> MATERIAL FOR THE TASK
—————

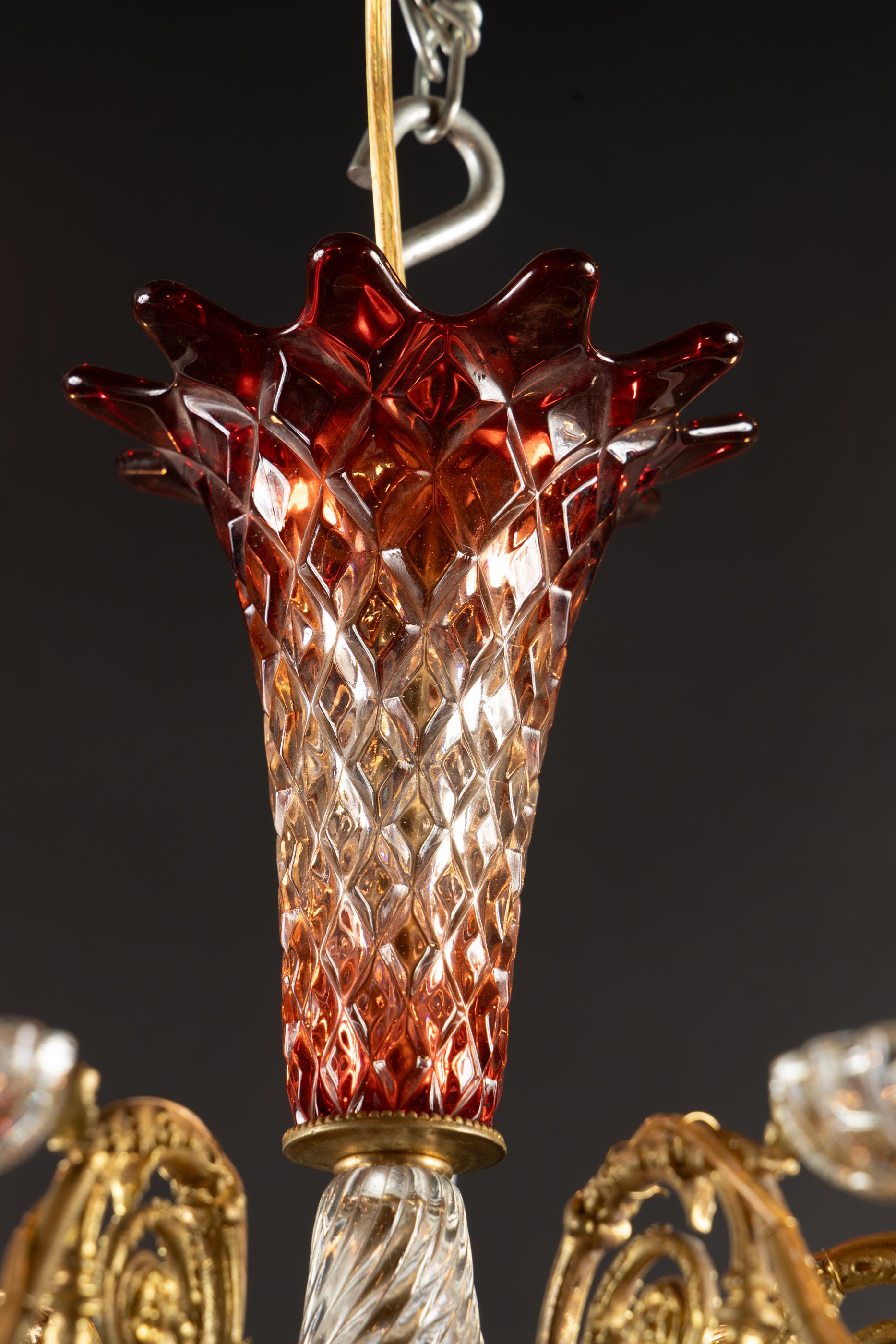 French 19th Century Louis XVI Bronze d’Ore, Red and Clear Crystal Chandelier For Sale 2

—————

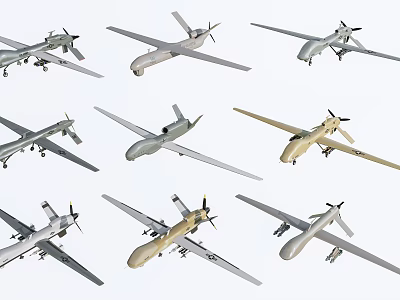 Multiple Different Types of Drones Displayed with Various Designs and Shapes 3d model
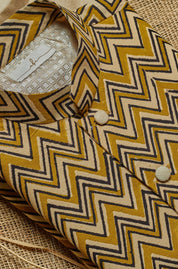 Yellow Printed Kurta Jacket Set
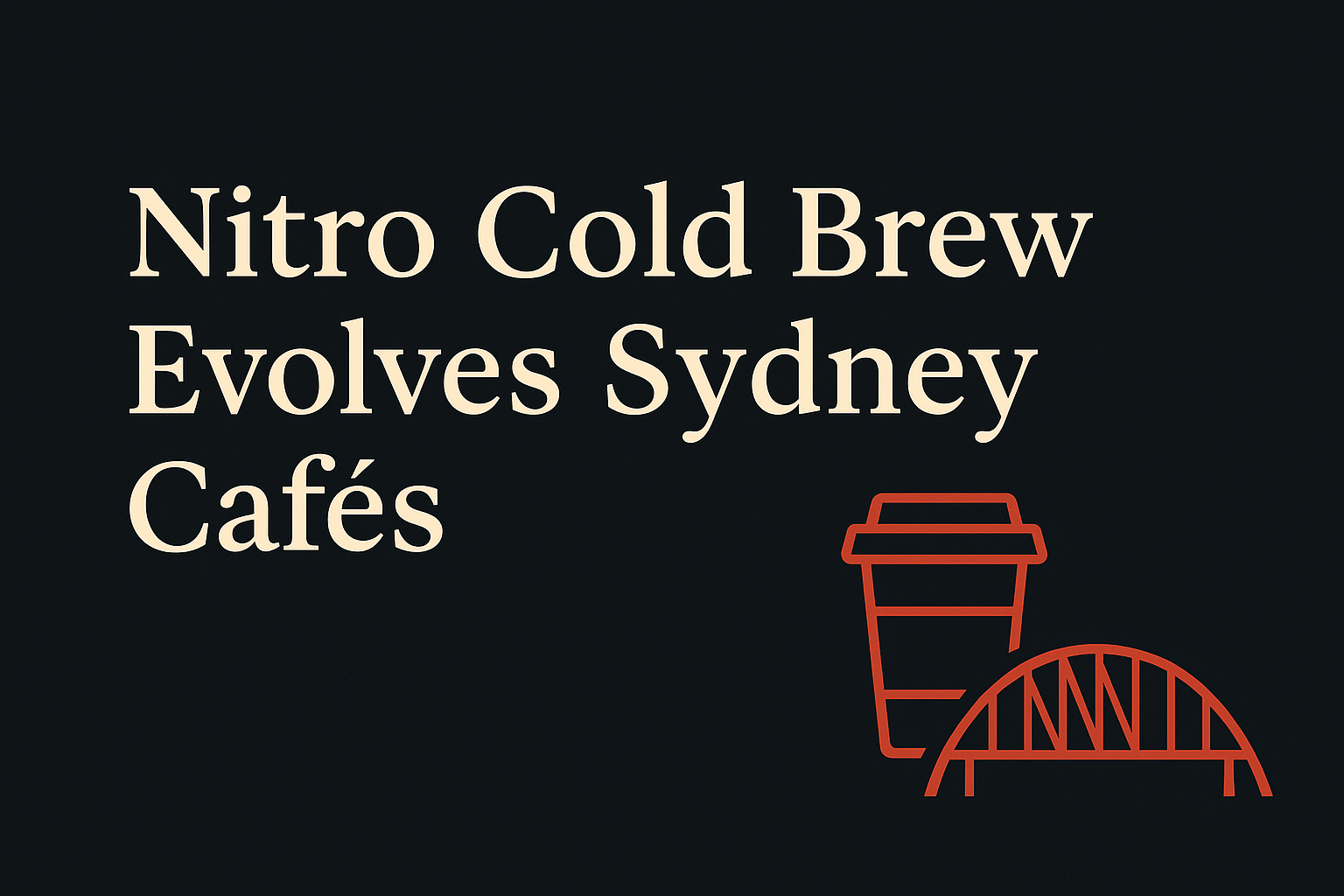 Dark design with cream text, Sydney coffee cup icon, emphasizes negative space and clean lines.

—————

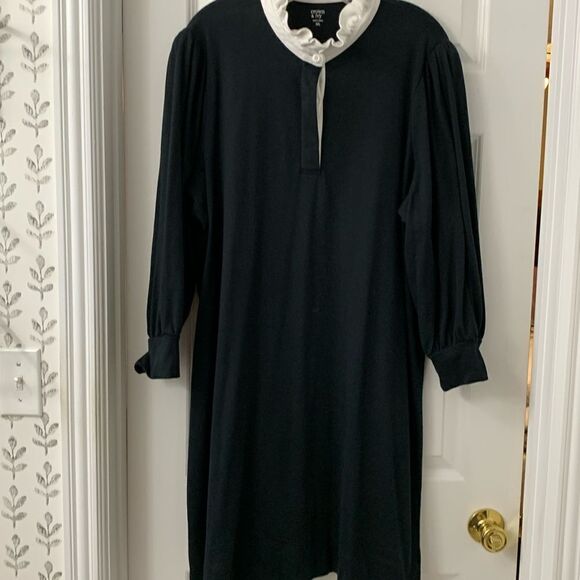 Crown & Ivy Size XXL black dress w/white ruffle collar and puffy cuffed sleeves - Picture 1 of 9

—————

Using the data above, give again exactly the lines starting at the one holding "Yellow Printed Kurta Jacket Set" and ending at the one holding "Dark design with", inclusive, and nothing more. Omit the pictures.

 Yellow Printed Kurta Jacket Set
 Dark design with cream text, Sydney coffee cup icon, emphasizes negative space and clean lines.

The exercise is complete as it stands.